Sudah diputuskan oleh berbagai lembaga tertinggi negara itu untuk melancarkan kampanye nasional penguatan Pancasila ini, antara lain melalui pendidikan. Ini merupakan langkah penting, karena banyak golongan-golongan dalam masyarakat sudah tidak mengenal sama sekali isi Pancasila, apalagi mengerti arti jiwanya. Selain itu, sebagian terbesar pembesar-pembesar atau tokoh-tokoh (di pemerintahan, di DPR dan DPRD maupun di berbagai organisasi) hanya mengenal saja kata Pancasila tetapi tidak bisa (dan tidak mau !) mengimplementasikannya, baik dalam pekerjaan mereka maupun dalam kehidupan sehari-hari.

Namun, usaha penguatan Pancasila ini akan kandas di tengah jalan, atau tidak bisa mencapai tujuannya, kalau ditangani oleh orang-orang jang masih menjadi simpatisan Suharto atau pendukung Orde Baru dan anti Bung Karno. Penguatan Pancasila tidak mungkin dilakukan oleh atau dengan oknum-oknum yang menentang atau tidak menyukai ajaran-ajaran revolusioner Bung Karno.

Pancasila, yang sekarang ini kelihatan memudar atau redup apinya, akibat pengrusakan oleh Orde Baru beserta pendukung-pendukungnya, hanyalah bisa dikuatkan dan dikembalikan keluhurannya sebagai ideologi negara dan bangsa, dengan sungguh-sungguh melaksanakan jiwa ajaran-ajaran Bung Karno. Pancasila tidak bisa dikuatkan tanpa menyatukannya dengan ajaran-ajaran Bung Karno.

Mempelajari fikiran-fikiran Bung Karno untuk mengerti Pancasila

Keputusan 9 lembaga tertinggi negara tentang penguatan Pancasila beberapa hari yang lalu adalah amat penting dan juga bersejarah. Sebab, banyaknya masalah-masalah besar dan parah di bidang politik, ekonomi, sosial, kebudayaan, keagamaan, dan moral yang sedang kita hadapi bersama dewasa ini adalah bukti yang jelas bahwa itu semua adalah akibat tidak dipatuhinya dan tidak dipraktekannya Pancasila.
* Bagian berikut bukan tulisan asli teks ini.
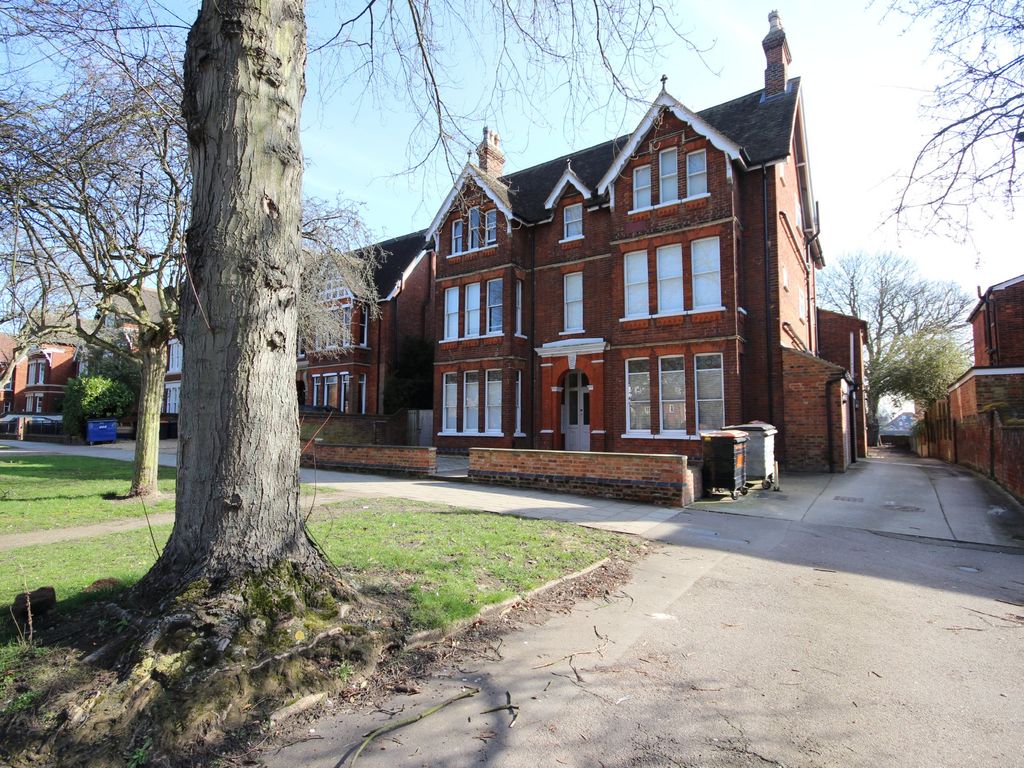 3 bed flat for sale in De Parys Avenue, Bedford MK40 Zoopla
Jelaslah bahwa penguatan Pancasila adalah salah satu jalan utama untuk menanggulangsi berbagai masalah (penyakit) bangsa dan negara dewasa ini. Dan penguatan Pancasila ini tidak bisa dilakukan tanpa menggunakan ajaran-ajaran Bung Karno. Untuk bisa menggunakan ajaran-ajaran Bung Karno secara baik, perlulah berbagai ajaran-ajarannya dipelajari atau didalami. Tanpa mempelajari ajaran-ajaran Bung Karno atau mendalami jiwanya, tidak mungkinlah seseorang bisa mengatakan bahwa ia mengerti kebesaran dan keagungan Pancasila.
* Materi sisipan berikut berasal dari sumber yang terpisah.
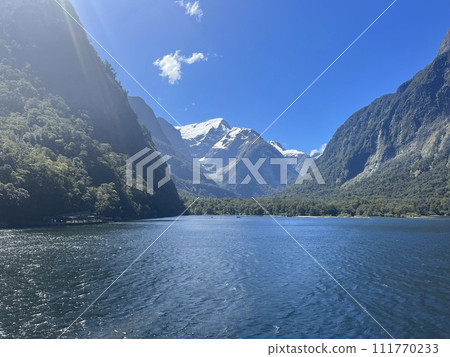 Milford Sound, a world heritage site in New Zealand's South Island 111770233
Dengan akan dilancarkannya kampanye nasional untuk penguatan Pancasila, maka usaha bersama untuk mensosialisasikan karya-karya atau fikiran-fikiran revolusioner Bung Karno adalah mutlak perlu dijalankan. Dengan menyimak isi buku-buku Dibawah Bendera Revolusi (dua jilid) atau Revolusi Belum Selesai (juga dua jilid), atau bahan-bahan lainnya, maka kita akan mengerti mengapa Bung Karno sering mengatakan bahwa Pancasila adalah kiri dan anti-imperialis (kalau dengan bahasa yang umum sekarang anti-neo-liberalisme)

Menurut fikiran dan jiwa Bung Karno, Pancasila mencita-citakan terciptanya masyarakat adil dan makmur, atau masyarakat sosialis à la Indonesia, yang melaksanakan gotong-royong, dan berdasarkan moral publik yang luhur.

Kalau kita lihat situasi negara dan bangsa yang serba rusak dan membusuk dewasa ini, maka jelaslah bahwa Pancasila yang seperti digagas Bung Karno itulah yang merupakan alat atau senjata di tangan rakyat untuk meneruskan revolusi yang belum selesai guna mengadakan perubahan-perubahan fundamental di negeri kita.